Pengamat Kebijakan Publik Dr. Trubus Rahardiansyah, SH, MH, MS, menyampaikan bahwa kalau melakukan kritik itu janganlah menyinggung pribadi seseorang. Karena menurutnya kalau sudah sampai menyinggung pribadi seseorang jadinya adalah pencemaran nama baik. Kemudian juga jangan menimbulkan atau membuat fitnah, karena jika mengarah ke fitnah, maka hal itu merupakan delik pidana.
”Jadi jangan melakukan fitnah dengan membuat pernyataan-pernyataan atau isu-isu yang sebenarnya belum tentu kebenarannya. Jangan juga membuat atau menciptakan berita-berita bohong yang dapat menimbulkan keonaran atau meresahkan di masyarakat,” ujar Dr. Trubus Rahardiansyah, SH, MH, MS, di Jakarta, Kamis (18/2/2021).
Trubus yang juga Sekretaris Jenderal Himpunan Bina Mualaf Indonesia (Sekjen HBMI) mencontohkan informasi yang mengarah hoax seperti membuat penyataan yang seolah-olah di suatu tempat akan terjadi kerusuhan atau konflik sosial di tempat tertentu. Atau ada agama tertentu yang diserang oleh suatu masyarakat tertentu. Itu merupakan bentuk-bentuk berita bohong yang dapat menimbulkan keresahan di masyarakat.
”Dampak awalnya tentu sifatnya bisa secara mikro yakni lebih kepada ketidaksenangan pada pihak-pihak tertentu yang dianggap berbeda. Tapi kalau dampak secara luas tentunya bisa sampai terjadi konflik sosial, konflik kekerasan, hingga diskriminasi yang bisa berakibat pada penghilangan nyawa seseorang,” tutur Dosen Tetap di Fakultas Hukum Trisakti itu.
Menurutnya, untuk mengedepankan kesantunan di dalam berucap dan bertindak untuk menyampaikan aspirasi, masyarakat ni sejatinya memiliki social capital atau modal sosial yang cukup tinggi. Modal sosial bangsa Indonesia seperti gotong royong dan toleransi.
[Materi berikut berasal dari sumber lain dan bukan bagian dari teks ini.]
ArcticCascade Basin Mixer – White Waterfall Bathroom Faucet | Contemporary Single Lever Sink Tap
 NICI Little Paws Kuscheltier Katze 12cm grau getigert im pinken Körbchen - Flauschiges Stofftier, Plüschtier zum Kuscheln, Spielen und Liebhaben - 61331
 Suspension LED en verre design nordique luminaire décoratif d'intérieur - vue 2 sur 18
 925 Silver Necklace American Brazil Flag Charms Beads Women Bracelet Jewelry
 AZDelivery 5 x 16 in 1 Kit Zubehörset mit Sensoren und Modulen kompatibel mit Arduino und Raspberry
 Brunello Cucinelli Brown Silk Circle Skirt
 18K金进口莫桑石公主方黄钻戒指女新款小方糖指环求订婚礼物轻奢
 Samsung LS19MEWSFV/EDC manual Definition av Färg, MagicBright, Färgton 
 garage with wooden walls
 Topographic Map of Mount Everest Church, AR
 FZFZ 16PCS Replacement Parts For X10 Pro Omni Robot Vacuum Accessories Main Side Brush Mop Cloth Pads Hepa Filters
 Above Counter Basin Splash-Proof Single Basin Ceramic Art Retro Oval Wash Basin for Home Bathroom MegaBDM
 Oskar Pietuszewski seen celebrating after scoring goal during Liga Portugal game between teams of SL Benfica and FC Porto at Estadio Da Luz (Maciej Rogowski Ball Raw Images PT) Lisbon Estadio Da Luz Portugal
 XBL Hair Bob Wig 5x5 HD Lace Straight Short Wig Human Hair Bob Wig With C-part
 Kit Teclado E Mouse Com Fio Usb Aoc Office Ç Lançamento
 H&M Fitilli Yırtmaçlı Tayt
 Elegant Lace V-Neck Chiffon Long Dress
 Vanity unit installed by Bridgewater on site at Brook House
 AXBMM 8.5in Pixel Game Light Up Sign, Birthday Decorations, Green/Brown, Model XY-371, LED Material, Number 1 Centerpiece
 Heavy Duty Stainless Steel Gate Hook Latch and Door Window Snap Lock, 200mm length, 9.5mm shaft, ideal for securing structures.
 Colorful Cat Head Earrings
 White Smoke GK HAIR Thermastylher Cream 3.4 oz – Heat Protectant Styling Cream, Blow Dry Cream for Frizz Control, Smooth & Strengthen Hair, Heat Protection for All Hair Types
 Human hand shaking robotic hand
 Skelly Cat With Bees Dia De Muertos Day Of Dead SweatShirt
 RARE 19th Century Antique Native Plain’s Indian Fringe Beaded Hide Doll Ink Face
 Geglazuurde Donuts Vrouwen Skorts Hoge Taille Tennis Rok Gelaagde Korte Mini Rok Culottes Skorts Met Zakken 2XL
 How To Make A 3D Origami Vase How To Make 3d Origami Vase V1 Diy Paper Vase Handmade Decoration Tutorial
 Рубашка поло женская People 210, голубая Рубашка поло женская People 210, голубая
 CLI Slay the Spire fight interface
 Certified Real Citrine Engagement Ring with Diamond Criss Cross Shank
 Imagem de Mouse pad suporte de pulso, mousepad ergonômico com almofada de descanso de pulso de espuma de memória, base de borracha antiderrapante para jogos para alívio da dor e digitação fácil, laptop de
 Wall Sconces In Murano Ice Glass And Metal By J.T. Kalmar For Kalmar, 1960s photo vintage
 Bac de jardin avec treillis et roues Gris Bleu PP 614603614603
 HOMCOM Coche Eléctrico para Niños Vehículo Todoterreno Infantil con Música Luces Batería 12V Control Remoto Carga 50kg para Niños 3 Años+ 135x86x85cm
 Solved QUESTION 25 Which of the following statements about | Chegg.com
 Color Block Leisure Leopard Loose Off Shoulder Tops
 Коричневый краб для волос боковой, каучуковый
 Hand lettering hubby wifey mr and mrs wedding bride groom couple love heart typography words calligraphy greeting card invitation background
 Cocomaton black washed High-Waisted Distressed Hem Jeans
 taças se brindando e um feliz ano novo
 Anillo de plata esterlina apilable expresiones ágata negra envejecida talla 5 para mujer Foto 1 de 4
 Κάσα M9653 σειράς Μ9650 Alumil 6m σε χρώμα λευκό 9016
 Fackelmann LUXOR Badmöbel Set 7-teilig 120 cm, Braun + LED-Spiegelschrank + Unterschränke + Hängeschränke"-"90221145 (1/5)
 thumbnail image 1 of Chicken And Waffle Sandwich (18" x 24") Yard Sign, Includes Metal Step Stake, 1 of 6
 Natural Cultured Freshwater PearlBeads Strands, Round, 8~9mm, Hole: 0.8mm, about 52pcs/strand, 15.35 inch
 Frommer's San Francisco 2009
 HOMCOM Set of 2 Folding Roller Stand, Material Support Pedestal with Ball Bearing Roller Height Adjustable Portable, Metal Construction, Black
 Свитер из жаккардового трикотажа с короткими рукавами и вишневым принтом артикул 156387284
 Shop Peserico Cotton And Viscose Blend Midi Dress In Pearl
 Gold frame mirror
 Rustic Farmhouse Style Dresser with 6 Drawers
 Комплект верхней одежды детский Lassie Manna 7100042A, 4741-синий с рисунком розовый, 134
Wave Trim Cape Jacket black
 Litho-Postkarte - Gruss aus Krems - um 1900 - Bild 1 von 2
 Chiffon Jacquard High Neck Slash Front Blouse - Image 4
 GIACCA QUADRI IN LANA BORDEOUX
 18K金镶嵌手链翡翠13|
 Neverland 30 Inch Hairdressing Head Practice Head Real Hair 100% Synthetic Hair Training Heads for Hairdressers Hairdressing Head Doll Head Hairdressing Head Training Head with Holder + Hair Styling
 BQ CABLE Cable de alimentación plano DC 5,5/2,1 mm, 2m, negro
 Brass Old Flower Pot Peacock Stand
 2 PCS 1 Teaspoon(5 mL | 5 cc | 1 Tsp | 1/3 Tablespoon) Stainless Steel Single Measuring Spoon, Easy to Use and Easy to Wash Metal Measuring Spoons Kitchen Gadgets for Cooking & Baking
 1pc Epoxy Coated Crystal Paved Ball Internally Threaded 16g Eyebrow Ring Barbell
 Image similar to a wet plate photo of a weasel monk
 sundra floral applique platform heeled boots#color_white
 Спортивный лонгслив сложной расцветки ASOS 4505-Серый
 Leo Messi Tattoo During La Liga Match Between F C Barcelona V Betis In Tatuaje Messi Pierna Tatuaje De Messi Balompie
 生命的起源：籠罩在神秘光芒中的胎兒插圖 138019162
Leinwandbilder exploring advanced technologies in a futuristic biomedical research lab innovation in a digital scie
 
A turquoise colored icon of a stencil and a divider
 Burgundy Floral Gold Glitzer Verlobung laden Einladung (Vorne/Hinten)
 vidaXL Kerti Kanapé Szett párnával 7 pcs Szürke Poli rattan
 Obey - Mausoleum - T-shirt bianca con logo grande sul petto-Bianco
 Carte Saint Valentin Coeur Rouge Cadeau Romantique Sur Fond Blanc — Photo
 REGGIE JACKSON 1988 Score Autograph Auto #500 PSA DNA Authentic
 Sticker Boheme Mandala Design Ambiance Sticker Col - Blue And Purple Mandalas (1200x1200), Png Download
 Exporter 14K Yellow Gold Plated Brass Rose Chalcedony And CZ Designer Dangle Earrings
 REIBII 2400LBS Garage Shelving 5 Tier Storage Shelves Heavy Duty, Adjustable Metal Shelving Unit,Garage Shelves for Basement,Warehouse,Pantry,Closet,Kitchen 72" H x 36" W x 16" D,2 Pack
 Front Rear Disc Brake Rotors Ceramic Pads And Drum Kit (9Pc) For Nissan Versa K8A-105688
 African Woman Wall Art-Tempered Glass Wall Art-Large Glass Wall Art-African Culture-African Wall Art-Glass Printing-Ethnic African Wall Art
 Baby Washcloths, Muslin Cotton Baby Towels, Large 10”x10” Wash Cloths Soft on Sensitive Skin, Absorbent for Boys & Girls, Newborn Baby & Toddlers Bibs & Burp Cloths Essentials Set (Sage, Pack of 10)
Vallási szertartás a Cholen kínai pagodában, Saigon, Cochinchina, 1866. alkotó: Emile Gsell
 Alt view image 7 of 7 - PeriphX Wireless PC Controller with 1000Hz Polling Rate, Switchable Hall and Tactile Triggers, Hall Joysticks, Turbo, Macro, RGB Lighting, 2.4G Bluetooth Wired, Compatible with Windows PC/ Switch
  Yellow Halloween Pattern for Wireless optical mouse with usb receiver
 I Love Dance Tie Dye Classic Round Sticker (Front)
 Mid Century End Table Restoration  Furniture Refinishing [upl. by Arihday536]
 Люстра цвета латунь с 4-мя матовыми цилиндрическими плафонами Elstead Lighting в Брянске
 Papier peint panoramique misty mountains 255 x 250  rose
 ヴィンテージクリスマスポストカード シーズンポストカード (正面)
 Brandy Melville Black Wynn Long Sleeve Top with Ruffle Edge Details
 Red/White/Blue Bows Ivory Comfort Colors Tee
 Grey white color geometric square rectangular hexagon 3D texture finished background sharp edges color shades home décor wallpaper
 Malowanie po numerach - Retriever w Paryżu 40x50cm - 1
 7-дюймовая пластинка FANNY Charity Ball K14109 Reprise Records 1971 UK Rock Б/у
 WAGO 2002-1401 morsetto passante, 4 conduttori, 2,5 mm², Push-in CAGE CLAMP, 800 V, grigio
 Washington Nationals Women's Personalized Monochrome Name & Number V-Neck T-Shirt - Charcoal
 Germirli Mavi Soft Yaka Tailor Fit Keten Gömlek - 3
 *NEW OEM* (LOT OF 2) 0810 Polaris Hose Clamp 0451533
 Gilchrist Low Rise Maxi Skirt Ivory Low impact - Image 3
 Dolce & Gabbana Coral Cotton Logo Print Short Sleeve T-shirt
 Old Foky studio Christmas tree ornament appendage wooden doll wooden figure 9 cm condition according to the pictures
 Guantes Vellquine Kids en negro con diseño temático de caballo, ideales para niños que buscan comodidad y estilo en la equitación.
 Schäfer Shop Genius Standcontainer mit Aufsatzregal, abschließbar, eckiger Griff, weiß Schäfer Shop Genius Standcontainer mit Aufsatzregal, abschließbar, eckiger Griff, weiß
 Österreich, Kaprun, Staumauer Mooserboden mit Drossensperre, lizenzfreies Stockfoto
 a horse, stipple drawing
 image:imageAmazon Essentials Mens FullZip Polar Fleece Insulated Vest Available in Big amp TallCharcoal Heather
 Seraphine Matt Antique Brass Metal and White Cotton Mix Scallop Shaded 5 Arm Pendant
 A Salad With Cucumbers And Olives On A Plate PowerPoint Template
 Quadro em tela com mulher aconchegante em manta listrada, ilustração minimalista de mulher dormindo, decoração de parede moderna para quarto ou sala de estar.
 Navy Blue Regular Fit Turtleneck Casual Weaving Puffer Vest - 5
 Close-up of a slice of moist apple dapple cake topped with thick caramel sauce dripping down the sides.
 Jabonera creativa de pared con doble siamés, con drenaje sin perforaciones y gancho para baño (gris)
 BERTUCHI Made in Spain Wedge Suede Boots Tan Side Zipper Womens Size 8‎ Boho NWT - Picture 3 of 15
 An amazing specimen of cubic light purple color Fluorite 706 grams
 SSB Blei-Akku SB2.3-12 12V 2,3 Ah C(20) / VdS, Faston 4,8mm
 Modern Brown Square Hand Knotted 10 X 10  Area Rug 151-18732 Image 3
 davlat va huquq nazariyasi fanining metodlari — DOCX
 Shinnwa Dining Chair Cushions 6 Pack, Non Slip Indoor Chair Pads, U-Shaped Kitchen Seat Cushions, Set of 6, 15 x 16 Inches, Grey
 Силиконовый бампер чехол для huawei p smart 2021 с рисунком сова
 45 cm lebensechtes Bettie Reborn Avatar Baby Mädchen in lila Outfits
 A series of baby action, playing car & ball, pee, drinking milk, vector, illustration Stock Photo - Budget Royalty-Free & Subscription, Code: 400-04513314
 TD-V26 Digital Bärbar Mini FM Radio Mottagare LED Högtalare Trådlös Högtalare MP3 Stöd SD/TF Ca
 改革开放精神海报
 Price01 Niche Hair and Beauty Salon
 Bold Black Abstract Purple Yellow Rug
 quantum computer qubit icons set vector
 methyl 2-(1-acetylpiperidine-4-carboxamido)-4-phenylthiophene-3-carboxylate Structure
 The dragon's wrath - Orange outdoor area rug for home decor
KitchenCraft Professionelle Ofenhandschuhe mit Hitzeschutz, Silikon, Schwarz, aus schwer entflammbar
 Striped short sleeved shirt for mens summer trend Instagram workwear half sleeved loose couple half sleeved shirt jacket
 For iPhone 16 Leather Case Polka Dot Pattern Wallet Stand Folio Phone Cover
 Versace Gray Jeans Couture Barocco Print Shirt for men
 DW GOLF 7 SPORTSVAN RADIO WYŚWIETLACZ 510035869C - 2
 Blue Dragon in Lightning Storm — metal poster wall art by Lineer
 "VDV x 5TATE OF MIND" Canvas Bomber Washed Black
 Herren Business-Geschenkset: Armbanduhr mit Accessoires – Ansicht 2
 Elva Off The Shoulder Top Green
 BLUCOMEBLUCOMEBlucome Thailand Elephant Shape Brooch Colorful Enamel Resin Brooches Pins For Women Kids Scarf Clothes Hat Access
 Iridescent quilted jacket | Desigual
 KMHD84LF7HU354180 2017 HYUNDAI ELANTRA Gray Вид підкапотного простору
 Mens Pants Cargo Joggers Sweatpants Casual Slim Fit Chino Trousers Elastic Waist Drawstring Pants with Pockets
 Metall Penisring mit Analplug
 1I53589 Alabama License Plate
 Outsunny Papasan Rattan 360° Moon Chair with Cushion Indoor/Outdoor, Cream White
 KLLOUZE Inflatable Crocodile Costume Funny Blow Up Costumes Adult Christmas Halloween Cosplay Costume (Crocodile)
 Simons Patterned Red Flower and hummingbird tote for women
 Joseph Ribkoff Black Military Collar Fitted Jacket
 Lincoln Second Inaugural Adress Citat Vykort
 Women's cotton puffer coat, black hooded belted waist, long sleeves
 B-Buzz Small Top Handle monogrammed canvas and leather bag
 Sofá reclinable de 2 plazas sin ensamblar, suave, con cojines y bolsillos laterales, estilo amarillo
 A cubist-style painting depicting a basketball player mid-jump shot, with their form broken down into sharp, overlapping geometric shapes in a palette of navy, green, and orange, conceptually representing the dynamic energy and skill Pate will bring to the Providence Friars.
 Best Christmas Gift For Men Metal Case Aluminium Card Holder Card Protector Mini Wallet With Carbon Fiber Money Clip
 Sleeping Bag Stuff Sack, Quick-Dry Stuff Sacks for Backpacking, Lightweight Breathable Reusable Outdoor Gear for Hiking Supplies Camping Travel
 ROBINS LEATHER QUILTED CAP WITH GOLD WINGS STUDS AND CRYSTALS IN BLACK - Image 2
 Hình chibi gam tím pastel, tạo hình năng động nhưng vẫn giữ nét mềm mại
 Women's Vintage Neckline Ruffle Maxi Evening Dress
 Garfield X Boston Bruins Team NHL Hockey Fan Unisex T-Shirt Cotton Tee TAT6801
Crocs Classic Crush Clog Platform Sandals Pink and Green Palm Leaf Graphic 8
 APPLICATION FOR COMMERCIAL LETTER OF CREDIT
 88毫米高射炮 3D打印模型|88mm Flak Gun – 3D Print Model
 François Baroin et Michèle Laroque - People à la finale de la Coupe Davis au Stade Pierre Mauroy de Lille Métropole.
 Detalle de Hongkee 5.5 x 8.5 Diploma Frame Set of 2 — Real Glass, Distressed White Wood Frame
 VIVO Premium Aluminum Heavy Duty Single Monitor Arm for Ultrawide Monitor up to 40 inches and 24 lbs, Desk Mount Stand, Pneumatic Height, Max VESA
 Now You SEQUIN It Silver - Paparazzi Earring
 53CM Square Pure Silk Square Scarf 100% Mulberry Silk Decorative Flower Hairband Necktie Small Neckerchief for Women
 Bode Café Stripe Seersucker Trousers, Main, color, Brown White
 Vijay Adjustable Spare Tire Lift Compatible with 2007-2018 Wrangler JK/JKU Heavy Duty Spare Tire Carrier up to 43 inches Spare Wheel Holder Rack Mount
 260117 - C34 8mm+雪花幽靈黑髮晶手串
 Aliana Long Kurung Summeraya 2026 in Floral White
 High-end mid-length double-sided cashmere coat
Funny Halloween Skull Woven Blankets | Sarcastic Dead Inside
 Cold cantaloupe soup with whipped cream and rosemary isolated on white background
Untuk membangun gotong royong dan toleransi harus dilakukan dengan cara yang sering seperti dengan Komunikasi, Informasi dan Edukasi (KIE) kepada masyarakat.
”Perlu dilakukan komunikasi, informasi dan edukasi kepada masyarakat dengan bermusyawarah dan dialog. Bukan sedikit-sedikit di bawa ke urusan hukum,” kata peraih gelar Doktoral bidang Ilmu Kebijakan Publik dari Universitas Indonesia ini.
Selain itu, Trubus mengatakah, masyarakat perlu membangun penguatan toleransi sehingga orang itu tidak berperilaku radikal. Untuk itu harus dikedepankan kembali bahwa dengan demokrasi Pancasila bisa diselesaikan secara kekeluargaan dan musyawarah.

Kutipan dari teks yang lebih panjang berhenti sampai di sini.